From the line that includes "33 Brookside Place, Pleasantville, NY" to the last line of the data, quote each line precisely; both boundary lines belong in the answer.

Records from a dataset
........

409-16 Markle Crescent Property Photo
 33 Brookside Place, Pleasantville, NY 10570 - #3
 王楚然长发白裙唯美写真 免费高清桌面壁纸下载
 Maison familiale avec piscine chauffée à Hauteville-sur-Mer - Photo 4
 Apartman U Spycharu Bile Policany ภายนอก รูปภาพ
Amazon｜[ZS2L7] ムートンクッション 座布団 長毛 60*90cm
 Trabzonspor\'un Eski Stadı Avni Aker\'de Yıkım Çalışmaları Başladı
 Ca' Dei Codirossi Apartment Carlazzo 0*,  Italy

........

--- Exercise result ---
 33 Brookside Place, Pleasantville, NY 10570 - #3
 王楚然长发白裙唯美写真 免费高清桌面壁纸下载
 Maison familiale avec piscine chauffée à Hauteville-sur-Mer - Photo 4
 Apartman U Spycharu Bile Policany ภายนอก รูปภาพ
Amazon｜[ZS2L7] ムートンクッション 座布団 長毛 60*90cm
 Trabzonspor\'un Eski Stadı Avni Aker\'de Yıkım Çalışmaları Başladı
 Ca' Dei Codirossi Apartment Carlazzo 0*,  Italy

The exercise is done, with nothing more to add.